I cannot turn my back to an old black man in his dementia whose land surrounded the church, who grew up in the church back when it was a black church, who wandered into a church meeting in his dementia. I cannot turn my back to him. I could not turn away from him and everyone else in the church did. I saw Jesus himself (the least of these). I didn't realize it at the time, but that gesture stood for all of Christendom in my heart. It was so symbolic it was metaphor. Basically, I lost respect. I couldn't talk about it. It nailed me to the cross. I never knew what to say or do after that. The people around me in the church turned hollow. My feelings for them dried up. Everything was different after that day, it just took a long time to see that was the kick-off moment. By the time I stopped going, I couldn't push the screen door open to leave the house for the car on Sunday morning. My parting was not particularly gracious, nor was it ungracious, but clumsy, not well thought out, hurt a lot of feelings. But I had to be honest. I told when I started the church there'd come a day I would leave. It was acceptable as a way to get me in, but not as a way to let me go. I saw the church something I would be growing through on my spiritual path and to see why Baba recommended going with the religion of my culture. I think I got a fair enough understanding. And I'm satisfied I gave it my all and remained true to who I am. It was of my own volition. Didn't have to. It was incredibly interesting until it died. It was a good foundation for understanding the culture I live in.

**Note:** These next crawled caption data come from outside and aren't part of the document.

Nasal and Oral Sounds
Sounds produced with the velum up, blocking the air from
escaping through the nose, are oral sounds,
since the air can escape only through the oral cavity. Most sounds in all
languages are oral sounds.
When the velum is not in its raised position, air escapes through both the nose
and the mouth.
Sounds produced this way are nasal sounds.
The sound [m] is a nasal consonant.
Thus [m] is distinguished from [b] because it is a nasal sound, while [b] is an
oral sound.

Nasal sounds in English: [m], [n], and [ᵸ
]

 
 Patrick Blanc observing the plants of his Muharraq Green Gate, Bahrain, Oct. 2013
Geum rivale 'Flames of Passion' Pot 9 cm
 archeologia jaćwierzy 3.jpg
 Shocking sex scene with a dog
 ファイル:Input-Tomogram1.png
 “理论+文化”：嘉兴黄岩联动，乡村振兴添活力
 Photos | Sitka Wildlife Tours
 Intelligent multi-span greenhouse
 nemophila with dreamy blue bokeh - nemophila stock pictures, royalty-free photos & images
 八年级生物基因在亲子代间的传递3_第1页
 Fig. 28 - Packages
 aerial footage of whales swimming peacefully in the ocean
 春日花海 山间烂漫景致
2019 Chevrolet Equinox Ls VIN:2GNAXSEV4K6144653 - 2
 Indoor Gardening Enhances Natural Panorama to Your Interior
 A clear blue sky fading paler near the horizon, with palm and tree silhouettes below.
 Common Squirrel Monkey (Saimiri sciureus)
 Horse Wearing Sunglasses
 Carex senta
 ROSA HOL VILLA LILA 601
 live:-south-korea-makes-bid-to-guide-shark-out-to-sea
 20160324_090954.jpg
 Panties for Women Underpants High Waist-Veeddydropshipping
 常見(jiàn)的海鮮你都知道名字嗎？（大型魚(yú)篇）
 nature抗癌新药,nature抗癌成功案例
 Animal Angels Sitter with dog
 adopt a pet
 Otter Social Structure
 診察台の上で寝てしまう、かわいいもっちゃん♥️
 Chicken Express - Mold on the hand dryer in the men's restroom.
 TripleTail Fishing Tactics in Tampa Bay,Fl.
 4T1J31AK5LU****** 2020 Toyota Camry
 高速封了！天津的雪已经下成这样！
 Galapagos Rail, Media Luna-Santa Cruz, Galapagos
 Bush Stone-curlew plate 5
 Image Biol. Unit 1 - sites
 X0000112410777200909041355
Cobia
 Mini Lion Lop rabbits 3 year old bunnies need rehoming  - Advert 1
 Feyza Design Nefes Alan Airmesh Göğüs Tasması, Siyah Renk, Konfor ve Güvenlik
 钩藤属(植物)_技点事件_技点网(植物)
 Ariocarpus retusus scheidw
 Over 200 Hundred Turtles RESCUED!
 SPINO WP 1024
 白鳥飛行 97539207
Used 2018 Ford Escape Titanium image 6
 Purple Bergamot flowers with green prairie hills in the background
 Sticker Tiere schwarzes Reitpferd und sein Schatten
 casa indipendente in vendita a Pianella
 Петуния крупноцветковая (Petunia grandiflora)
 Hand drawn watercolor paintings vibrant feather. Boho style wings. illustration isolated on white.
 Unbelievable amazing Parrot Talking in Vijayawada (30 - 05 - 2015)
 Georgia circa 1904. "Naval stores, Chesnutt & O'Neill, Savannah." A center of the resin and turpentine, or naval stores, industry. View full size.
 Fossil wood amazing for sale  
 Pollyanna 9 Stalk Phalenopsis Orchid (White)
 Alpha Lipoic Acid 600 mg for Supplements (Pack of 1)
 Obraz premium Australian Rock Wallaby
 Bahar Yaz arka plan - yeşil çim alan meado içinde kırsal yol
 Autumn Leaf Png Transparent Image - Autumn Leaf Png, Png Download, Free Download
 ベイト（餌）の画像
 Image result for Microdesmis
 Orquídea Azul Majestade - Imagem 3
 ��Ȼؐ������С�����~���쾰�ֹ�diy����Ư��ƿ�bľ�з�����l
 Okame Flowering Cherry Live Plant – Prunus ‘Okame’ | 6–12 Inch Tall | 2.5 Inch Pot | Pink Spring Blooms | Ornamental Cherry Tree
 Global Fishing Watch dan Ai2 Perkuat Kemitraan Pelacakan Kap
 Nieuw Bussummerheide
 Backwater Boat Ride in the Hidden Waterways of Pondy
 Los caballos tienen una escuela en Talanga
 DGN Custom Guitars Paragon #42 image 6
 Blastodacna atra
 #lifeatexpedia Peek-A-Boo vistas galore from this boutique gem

All through those years the preacher and I had an ongoing in-fun argument going that was never resolved. He told me it was my duty to go to church. I told him I don't do duty. I am not here about duty. I go to the church because I want to. When I stop wanting to, I'll stop going. That was not acceptable. It was my duty. No it's not. All through childhood I went to church by duty. I know what that means and I know what it's like. I don't do anything that's around God by duty. God is the life spirit itself. The spirit is not about duty. Mind is about duty. And duty for what? Put money in the collection plate? But Regular Baptists don't pass the plate. The point is, I can't accept duty in matters of the spirit. Of course, that goes against how many centuries of monastic tradition. I still maintain duty is of the mind, not the heart. The Old Baptist word for my way of thinking is Bold. Before the Age of Electricity I would have been heretical. I would not have spoken these thoughts. One more thing Meher Baba recommended that I fell in with automatically was to be unconventional, go your own way. How can one be in the world, not of the world conventionally? I don't need a preacher telling me what I'm doing wrong, disapproving. That kind of independence is not just bold, it's how it is. The most overlooked verse in the Bible: God is love.